You can either do this by stepping through one cell at a time, or by selecting the first cell in the Recommendation task section and then, under Run, choose Run All Above Selected Cell (see below).

Model training and deployment takes approximately 10 minutes. When it is complete, proceed with the following steps:
On the Amazon SageMaker console, under Inference, choose Endpoints.
Verify that you can see the runtime endpoint.
Record the endpoint name and ARN as you will need these later.
Step 2: Testing the Amazon SageMaker model endpoint using the AWS CLI
You can test the inference endpoint using the AWS CLI as follows:

aws sagemaker-runtime invoke-endpoint
–endpoint-name <endpoint-name>
–body ‘{“instances”: [{“in0″:[863],”in1”:[882]}]}’
–content-type application/json
–accept application/json
results

Note: the above assumes you are using a bash-compatible shell. If you are using the standard Windows command line, replace the outer single quotes with double quotes for the body parameter, and escape the double quotes characters within the JSON.
If your endpoint is working correctly, you should see a file called results that contains output similar to the following:

{“predictions”:[{“scores”:[2.433111906051636]}]}

Now that you have a working Amazon SageMaker endpoint, you can build a REST API in front of it.
Step 3: Creating an execution role for the REST API
Before you build the REST API, you need to create an execution role that gives your API the necessary permission to invoke your Amazon SageMaker endpoint. Complete the following steps:
On the IAM console, under Roles, choose Create Role.
For Select type of trusted entity, select AWS Service.
Choose the service API Gateway.
Choose Next until you reach the Review.
You can see that a policy has been included which allows API Gateway to push logs to CloudWatch.
Give your role a name, for example, APIGatewayAccessToSageMaker.
Choose Create Role.
You now need to add permissions so your role can invoke the Amazon SageMaker endpoint.
Use the role filter to find the role you just created.
Choose the role you created to see the role summary screen.
Choose Add Inline Policy.
On the Create Policy screen, select the service SageMaker and the action InvokeEndpoint.
For Resources, select Specific and enter the ARN for your Amazon SageMaker endpoint.
Choose Review Policy.
Give your policy a name, for example, SageMakerEndpointInvokeAccess.
Choose Create Policy.
On the role summary page, record the ARN for the role as you will need this later.
Step 4: Building an API Gateway endpoint
In this section, you build your REST API.
Creating an API
Complete the following steps:
On the API Gateway console, choose Create API.
Choose REST.
Choose New API.
Give your API a name, for example, RatingsPredictor.
For Endpoint Type, choose Regional.
Choose Create API.
Note: In a production system, you should consider whether you would benefit from the Edge Optimized option.
Creating a resource
In the Resources editor, from the Actions menu, choose CreateResource.
For Resource Name, enter predicted-ratings.
Ensure that the Resource Path field also contains predicted-ratings.
Choose Create Resource.
You should see the predicted-ratings resource appear in the navigation tree.
Choose the predicted-ratings resource you created.
From the Actions menu, choose Create Resource.
For Resource Path, enter {user_id}.
For Resource Name, enter user_id.
Choose Create Resource.
The resource navigation tree should now be similar to the following screenshot, and show /predicted-ratings/{user_id}.

Creating a GET method
The next step is to create a GET method on the resource path /predicted-ratings/{user_id} and integrate it with your Amazon SageMaker endpoint. Complete the following steps:
From the Actions menu, choose {user_id}.
Choose Create Method.
From the drop-down that appears under the {user_id} resource, select GET and confirm by clicking the tick mark.
The right-hand pane now displays a Setup screen. See the following screenshot.

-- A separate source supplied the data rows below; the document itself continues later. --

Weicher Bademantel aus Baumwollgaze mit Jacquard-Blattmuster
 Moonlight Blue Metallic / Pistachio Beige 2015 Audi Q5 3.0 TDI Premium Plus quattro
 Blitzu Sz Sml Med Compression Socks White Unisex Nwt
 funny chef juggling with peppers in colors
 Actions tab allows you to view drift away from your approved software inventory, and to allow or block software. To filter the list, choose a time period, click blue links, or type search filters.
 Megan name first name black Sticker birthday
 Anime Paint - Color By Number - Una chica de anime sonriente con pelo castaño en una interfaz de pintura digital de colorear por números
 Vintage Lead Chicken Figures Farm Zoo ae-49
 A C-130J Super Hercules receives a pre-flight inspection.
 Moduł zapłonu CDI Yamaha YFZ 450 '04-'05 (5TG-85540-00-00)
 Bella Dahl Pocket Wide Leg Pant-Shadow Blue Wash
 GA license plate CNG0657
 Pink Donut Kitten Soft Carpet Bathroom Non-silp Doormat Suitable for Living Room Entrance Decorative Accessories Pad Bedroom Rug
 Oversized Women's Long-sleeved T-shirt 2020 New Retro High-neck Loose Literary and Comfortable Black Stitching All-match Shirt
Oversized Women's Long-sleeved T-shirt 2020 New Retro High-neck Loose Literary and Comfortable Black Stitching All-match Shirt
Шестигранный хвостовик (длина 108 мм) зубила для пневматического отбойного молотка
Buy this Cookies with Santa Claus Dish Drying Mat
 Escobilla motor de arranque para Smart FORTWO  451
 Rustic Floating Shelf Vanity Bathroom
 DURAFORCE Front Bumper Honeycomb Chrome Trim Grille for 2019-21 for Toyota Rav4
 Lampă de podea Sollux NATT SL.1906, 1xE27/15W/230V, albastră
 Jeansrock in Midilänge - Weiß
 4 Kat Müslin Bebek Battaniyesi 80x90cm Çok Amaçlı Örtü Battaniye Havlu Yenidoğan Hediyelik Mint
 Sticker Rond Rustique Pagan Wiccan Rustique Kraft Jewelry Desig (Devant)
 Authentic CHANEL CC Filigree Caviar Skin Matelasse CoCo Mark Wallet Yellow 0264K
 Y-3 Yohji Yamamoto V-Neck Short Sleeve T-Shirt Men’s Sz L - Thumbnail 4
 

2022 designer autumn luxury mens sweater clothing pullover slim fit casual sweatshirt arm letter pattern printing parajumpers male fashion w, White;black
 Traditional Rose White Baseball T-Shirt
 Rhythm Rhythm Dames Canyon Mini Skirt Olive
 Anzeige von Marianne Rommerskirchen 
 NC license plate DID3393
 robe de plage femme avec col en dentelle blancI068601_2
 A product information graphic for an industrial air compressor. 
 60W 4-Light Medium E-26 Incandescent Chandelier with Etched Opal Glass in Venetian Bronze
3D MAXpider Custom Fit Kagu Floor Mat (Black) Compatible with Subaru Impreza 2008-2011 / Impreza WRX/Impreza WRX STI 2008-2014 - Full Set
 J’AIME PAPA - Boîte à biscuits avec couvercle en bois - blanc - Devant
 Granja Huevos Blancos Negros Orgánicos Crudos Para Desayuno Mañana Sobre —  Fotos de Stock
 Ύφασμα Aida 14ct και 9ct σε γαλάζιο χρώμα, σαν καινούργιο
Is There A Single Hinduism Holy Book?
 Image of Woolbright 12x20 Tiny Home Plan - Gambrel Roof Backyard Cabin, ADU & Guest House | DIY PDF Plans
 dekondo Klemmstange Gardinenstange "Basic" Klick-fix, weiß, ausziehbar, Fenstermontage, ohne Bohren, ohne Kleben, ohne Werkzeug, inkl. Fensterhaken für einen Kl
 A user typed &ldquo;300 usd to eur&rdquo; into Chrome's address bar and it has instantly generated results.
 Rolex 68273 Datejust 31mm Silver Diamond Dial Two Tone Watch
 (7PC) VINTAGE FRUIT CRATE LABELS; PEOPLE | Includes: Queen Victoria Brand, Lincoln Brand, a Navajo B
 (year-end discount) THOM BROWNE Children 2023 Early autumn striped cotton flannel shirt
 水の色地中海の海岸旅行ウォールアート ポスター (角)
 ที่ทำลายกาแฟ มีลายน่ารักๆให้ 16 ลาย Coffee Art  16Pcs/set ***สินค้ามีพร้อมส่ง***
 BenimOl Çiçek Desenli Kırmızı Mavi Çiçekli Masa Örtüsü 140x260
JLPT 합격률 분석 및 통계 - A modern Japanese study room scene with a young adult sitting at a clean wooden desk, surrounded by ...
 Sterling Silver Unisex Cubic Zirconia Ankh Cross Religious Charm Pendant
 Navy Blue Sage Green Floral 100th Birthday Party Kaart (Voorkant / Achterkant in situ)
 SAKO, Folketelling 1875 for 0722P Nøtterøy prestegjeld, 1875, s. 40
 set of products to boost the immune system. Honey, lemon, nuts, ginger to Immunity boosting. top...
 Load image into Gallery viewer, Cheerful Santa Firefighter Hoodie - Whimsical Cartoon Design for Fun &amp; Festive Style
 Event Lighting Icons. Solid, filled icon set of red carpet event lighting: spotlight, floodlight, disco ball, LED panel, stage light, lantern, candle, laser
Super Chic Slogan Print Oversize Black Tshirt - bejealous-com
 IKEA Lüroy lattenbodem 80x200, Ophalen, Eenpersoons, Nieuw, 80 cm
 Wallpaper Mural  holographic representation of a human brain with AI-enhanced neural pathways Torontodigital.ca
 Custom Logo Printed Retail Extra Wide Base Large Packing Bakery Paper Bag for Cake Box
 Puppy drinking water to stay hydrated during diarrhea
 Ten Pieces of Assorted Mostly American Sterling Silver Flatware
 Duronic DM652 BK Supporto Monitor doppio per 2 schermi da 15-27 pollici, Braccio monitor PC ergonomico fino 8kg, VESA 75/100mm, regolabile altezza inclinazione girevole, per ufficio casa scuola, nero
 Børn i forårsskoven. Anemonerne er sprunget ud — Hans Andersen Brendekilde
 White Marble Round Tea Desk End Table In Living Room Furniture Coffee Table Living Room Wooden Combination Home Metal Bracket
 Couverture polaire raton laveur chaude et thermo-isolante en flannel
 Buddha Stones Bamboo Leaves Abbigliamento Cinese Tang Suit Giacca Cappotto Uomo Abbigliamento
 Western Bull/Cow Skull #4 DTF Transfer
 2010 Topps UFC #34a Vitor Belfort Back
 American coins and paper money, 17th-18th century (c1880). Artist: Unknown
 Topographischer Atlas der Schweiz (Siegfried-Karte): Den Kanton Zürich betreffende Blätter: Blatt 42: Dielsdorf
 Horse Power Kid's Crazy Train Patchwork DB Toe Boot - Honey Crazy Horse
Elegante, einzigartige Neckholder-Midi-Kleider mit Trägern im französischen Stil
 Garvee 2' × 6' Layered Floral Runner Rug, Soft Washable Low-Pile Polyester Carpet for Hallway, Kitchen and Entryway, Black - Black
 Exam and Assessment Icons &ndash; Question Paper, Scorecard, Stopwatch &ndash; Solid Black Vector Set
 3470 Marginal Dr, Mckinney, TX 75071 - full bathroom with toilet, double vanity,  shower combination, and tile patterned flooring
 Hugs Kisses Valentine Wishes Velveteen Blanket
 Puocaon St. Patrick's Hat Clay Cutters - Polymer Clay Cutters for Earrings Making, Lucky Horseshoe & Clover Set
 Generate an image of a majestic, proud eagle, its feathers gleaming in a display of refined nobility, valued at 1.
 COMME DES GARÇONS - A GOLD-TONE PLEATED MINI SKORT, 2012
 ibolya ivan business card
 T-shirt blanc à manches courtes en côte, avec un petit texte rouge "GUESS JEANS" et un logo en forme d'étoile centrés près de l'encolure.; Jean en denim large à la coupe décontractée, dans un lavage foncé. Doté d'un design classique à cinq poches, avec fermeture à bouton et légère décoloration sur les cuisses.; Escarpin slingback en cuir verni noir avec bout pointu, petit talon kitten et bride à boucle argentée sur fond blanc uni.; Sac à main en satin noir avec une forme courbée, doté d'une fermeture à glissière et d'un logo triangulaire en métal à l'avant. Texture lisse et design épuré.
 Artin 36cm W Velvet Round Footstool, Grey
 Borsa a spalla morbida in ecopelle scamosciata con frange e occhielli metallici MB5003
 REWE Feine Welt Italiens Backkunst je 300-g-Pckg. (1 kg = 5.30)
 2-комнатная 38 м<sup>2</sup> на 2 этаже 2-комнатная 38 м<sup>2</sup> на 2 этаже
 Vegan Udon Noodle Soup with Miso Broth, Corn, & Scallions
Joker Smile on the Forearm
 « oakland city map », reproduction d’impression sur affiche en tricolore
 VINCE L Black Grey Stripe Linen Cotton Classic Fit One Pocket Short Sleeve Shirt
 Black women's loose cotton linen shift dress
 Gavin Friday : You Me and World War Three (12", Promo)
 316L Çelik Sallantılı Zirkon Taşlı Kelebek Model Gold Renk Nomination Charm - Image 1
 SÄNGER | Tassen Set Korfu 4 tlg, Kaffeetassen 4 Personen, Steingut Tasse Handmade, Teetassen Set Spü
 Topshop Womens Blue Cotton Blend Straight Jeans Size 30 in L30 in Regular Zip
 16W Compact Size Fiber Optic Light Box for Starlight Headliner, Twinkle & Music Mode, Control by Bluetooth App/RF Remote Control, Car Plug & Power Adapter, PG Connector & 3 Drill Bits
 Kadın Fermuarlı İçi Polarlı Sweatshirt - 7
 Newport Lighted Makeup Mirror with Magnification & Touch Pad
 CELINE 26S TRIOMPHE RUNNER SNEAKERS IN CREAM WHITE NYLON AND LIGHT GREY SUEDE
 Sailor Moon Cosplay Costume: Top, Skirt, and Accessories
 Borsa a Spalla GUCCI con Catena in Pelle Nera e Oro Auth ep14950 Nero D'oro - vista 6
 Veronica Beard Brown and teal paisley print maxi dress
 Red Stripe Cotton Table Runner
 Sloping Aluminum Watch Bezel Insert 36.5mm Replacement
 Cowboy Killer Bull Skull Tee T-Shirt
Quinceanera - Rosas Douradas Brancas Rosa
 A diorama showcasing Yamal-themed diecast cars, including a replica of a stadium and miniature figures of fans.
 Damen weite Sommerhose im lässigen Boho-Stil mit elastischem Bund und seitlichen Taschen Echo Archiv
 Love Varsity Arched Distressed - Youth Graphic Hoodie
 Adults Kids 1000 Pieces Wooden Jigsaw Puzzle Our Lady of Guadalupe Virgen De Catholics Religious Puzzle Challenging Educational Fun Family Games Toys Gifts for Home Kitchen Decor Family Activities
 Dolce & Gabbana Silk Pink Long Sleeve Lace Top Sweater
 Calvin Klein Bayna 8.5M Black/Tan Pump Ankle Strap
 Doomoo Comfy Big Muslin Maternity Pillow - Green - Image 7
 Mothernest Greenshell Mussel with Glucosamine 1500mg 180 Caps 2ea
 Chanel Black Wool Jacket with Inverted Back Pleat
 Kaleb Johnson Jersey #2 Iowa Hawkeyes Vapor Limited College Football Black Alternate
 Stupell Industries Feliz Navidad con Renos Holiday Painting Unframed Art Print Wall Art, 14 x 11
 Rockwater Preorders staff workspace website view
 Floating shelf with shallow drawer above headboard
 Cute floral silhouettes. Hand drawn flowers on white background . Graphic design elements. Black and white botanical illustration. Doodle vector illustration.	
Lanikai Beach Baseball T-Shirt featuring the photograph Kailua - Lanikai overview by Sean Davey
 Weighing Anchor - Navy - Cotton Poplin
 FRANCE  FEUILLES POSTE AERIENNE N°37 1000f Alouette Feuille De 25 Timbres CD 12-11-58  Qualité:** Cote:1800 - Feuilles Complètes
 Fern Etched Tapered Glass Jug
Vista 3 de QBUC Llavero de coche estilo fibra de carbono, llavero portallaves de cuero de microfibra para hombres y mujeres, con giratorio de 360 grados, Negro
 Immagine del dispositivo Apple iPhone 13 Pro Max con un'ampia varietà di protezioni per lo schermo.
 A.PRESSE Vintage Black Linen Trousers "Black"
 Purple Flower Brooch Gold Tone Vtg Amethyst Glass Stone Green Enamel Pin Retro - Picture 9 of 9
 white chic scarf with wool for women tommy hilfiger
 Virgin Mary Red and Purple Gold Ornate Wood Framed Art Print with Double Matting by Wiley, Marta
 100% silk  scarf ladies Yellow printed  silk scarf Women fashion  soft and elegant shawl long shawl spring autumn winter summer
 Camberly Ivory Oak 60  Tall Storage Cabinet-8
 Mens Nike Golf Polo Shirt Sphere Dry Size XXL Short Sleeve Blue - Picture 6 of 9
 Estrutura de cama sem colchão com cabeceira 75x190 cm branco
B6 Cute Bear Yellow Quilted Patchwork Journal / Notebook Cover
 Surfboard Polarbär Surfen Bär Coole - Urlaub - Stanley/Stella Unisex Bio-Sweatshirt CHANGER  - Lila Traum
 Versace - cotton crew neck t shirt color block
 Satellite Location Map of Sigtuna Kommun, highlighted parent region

For Request Integration type, choose AWS Service.
For AWS Region, enter your Region.
For AWS Service, choose SageMaker Runtime.
Leave AWS Subdomain blank.
For HTTP method, choose POST.
For Action Type, choose Use Path override.
For Path override, enter the Amazon SageMaker endpoint path using the format endpoints/<sagemaker-endpoint-name>/invocations.
For Execution role, enter the ARN of the role you created earlier.
For Content Handling, choose Passthrough.
Select Use Default Timeout.
Choose Save.
You have created a GET endpoint in the REST API, and mapped it to a POST endpoint. In the next step, you use mapping templates to map parameters passed in the GET request (from the path and query-string) into the right places in the POST request expected by the Amazon SageMaker endpoint.
Step 5: Create a mapping template for request integration
You should now see a Method Execution screen in the right-hand pane. See the following screenshot.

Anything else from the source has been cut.